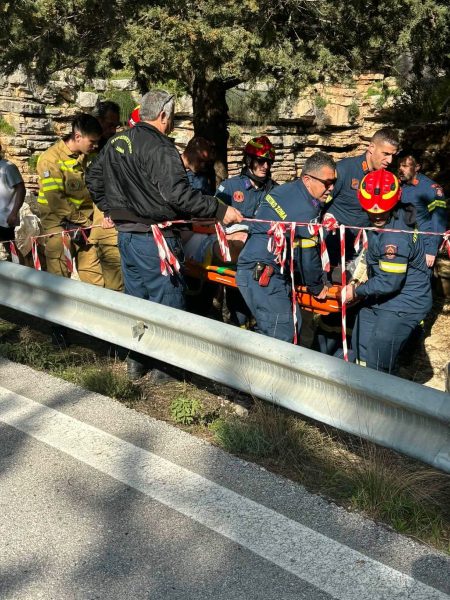 Ρόδος: Περιπατητής τουρίστας έπεσε σε γκρεμό 15 μέτρων κοντά στον Αττάβυρο και τραυματίστηκε σοβαρά!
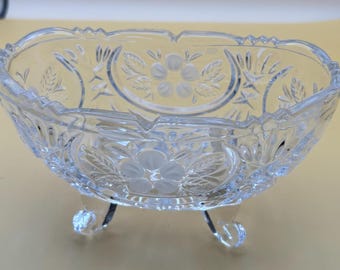 Vintage McKee Crystal Glass Footed Glass Bowl Lover Antiques and Vintage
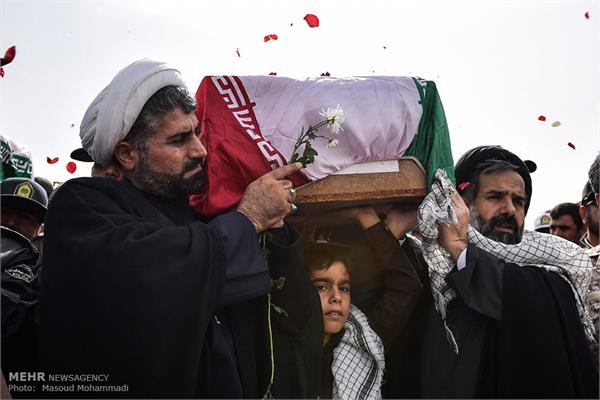 بازگشت پیکرهای ۶۸ شهید دوران دفاع مقدس به کشور 17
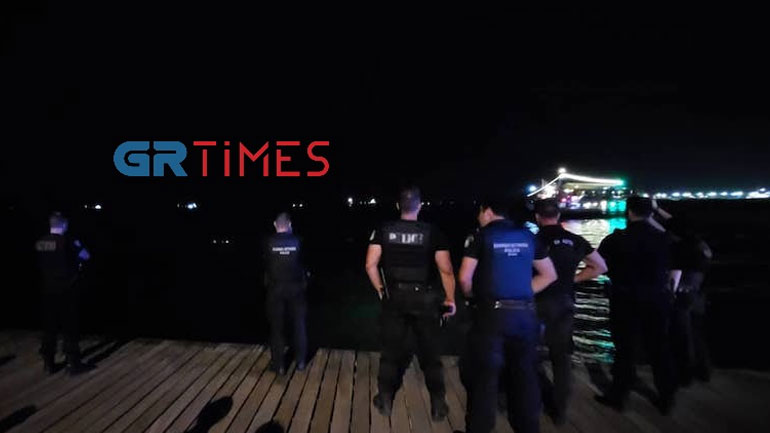 Θεσσαλονίκη: Επιχείρηση διάσωσης 59χρονης που έπεσε στον Θερμαϊκό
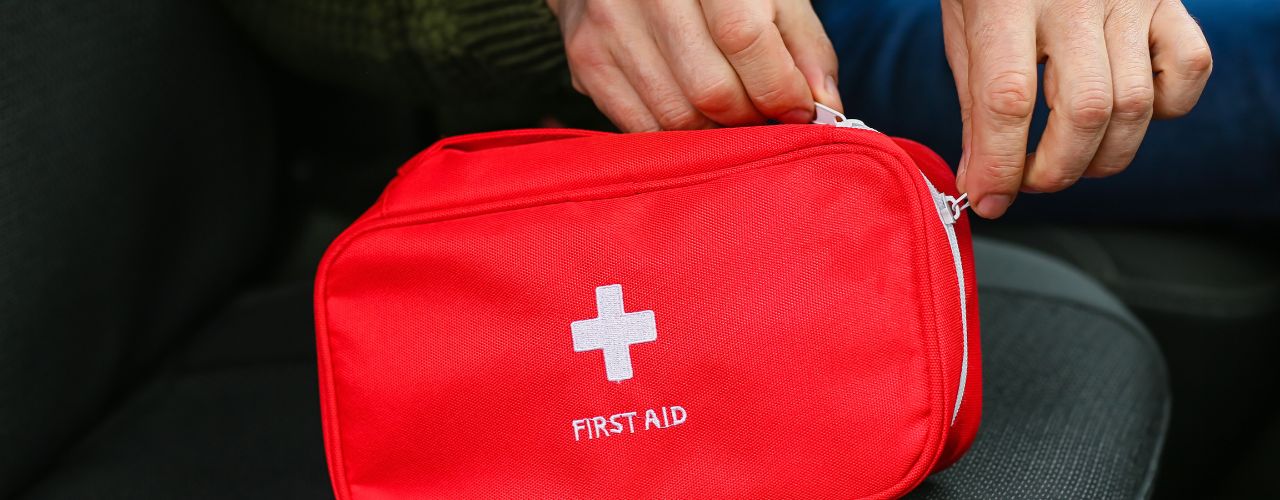 Reasons To Carry a First Aid Kit While Traveling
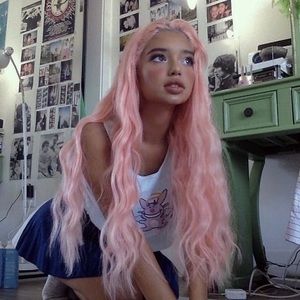 - ♥️  HAILEY 40” PINK WAVY FRONT WIG *NEW*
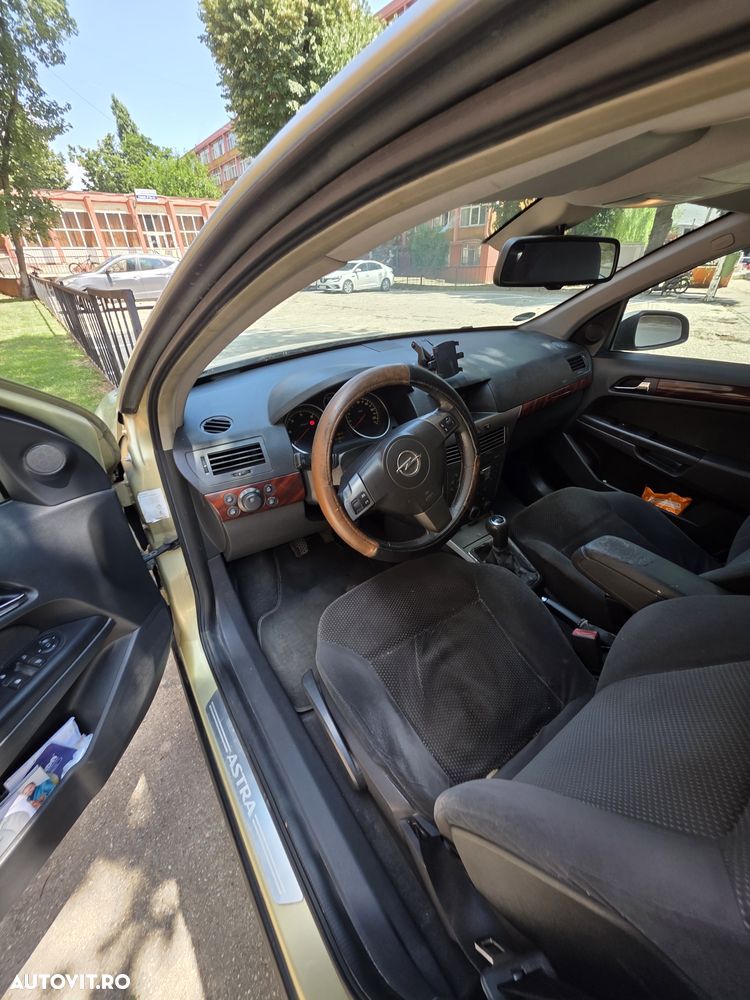 Opel Astra 1.7 CDTi Cosmo - 3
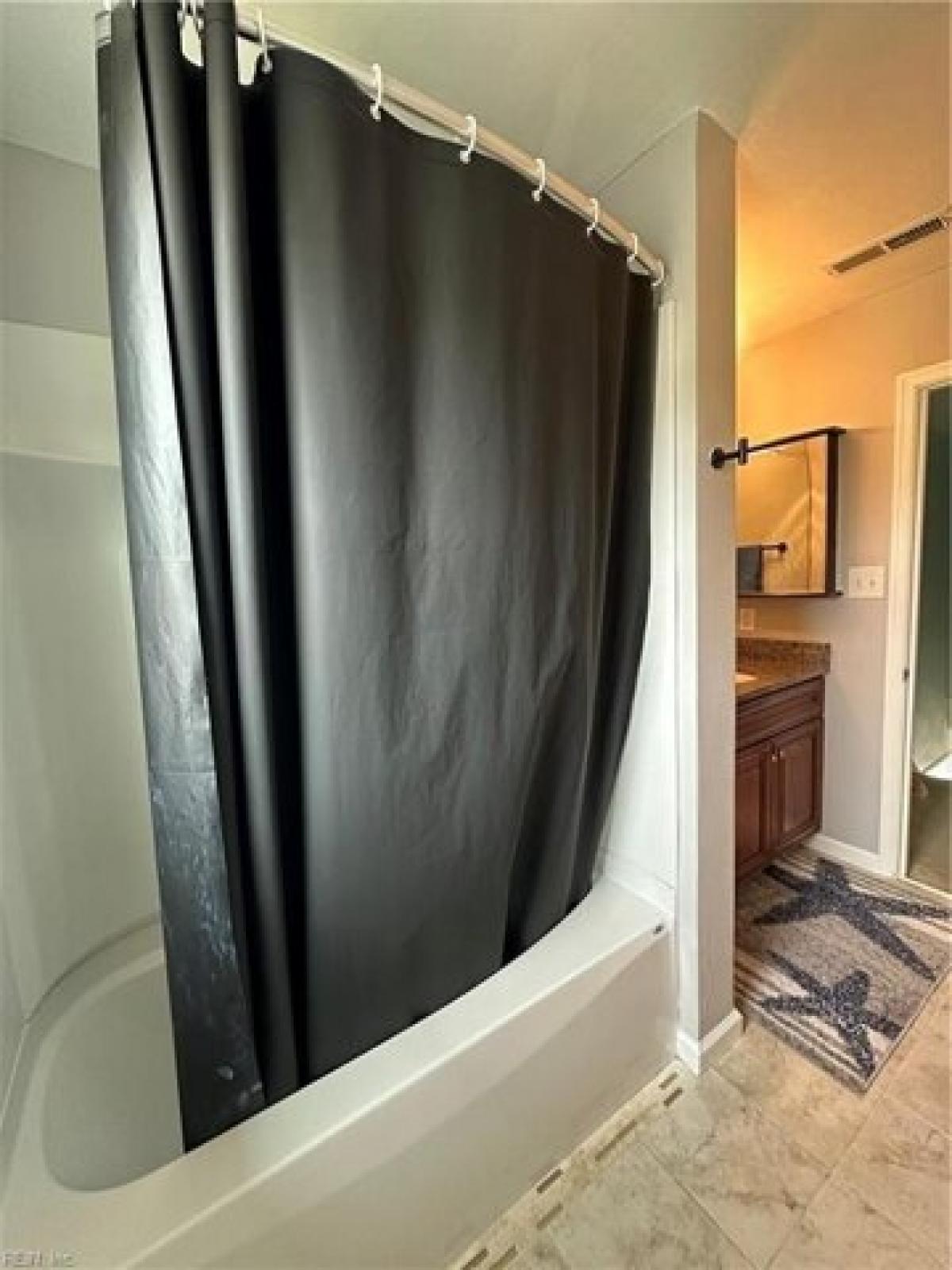 Picture of Home For Sale in Virginia Beach, Virginia, United States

ASSIGNMENT: Transcribe exactly and only the lines from the top of the records through the line containing "Reasons To Carry", inclusive, and do not copy the pictures.

WRITTEN SOLUTION:
 Ρόδος: Περιπατητής τουρίστας έπεσε σε γκρεμό 15 μέτρων κοντά στον Αττάβυρο και τραυματίστηκε σοβαρά!
 Vintage McKee Crystal Glass Footed Glass Bowl Lover Antiques and Vintage
 بازگشت پیکرهای ۶۸ شهید دوران دفاع مقدس به کشور 17
 Θεσσαλονίκη: Επιχείρηση διάσωσης 59χρονης που έπεσε στον Θερμαϊκό
 Reasons To Carry a First Aid Kit While Traveling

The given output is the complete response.